'''

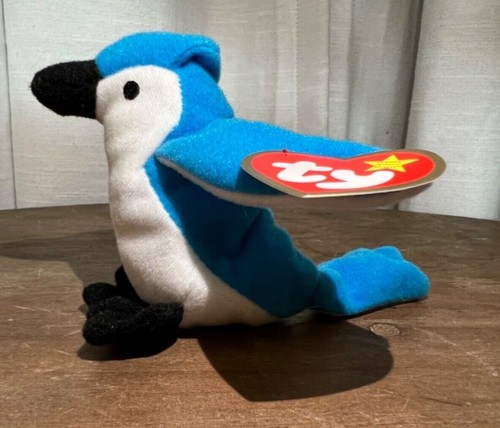 Teenie beanie baby rocket - ty,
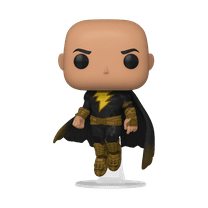 Funko Pop! Movies: Black Adam- Black Adam Vinyl Figure
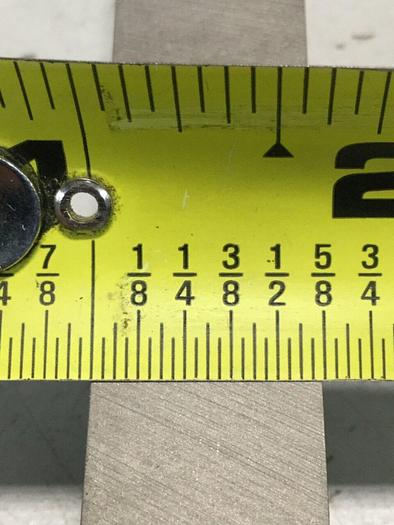 STERLING DIE Thread Rolling Die 2 Piece Set 4-N2-S8-902-B-K9 #110283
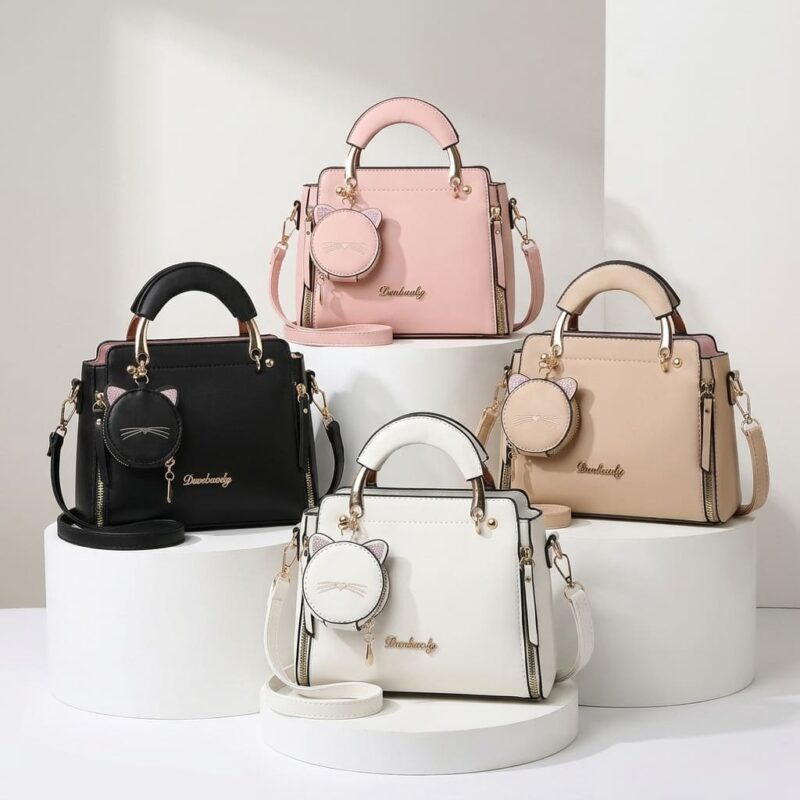 Bolsa Feminina Mia Fashion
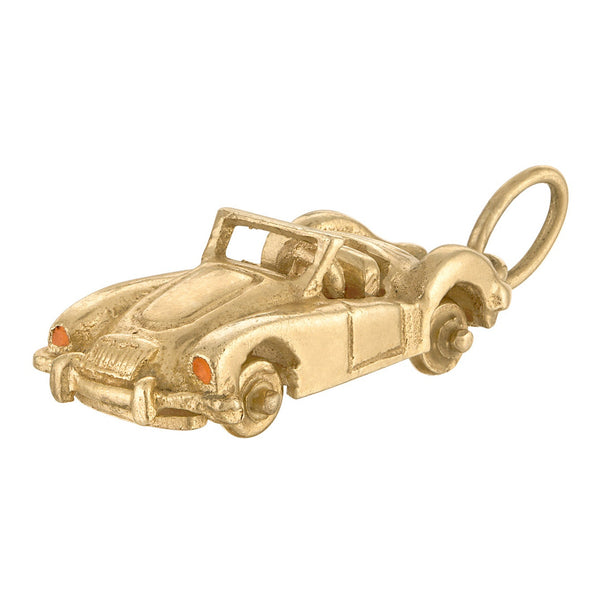 Vintage Convertible 14k Gold Charm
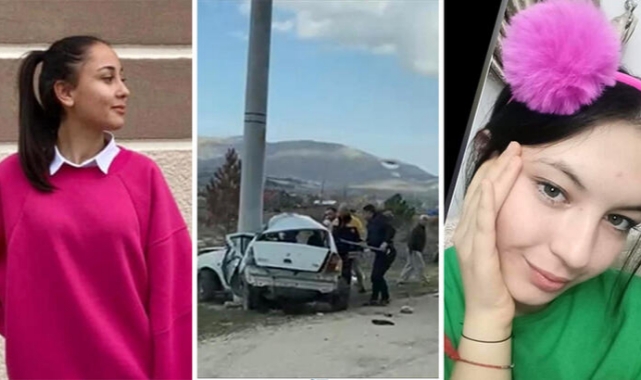 Ehliyetsiz Sürücü Kaza Yaptı: 2 Ölü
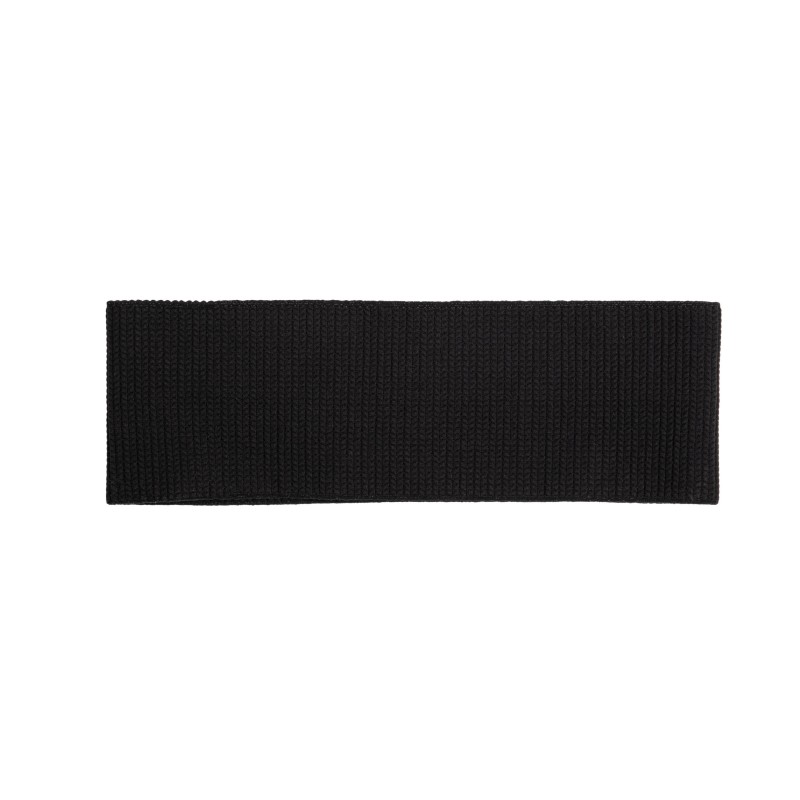 Bandeau pour la tête sans couture Black FACE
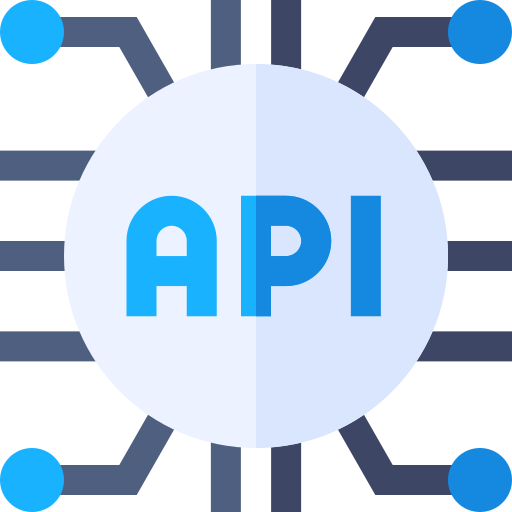 Ícone do Desenvolvimento de API's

'''

== AIM OF THE TASK ==
Your output should be the lines from the one with "Bandeau pour la tête sans couture Black FACE" through the end of the listing, copied exactly and with the pictures left out.

== RESPONSE BELOW ==
 Bandeau pour la tête sans couture Black FACE
 Ícone do Desenvolvimento de API's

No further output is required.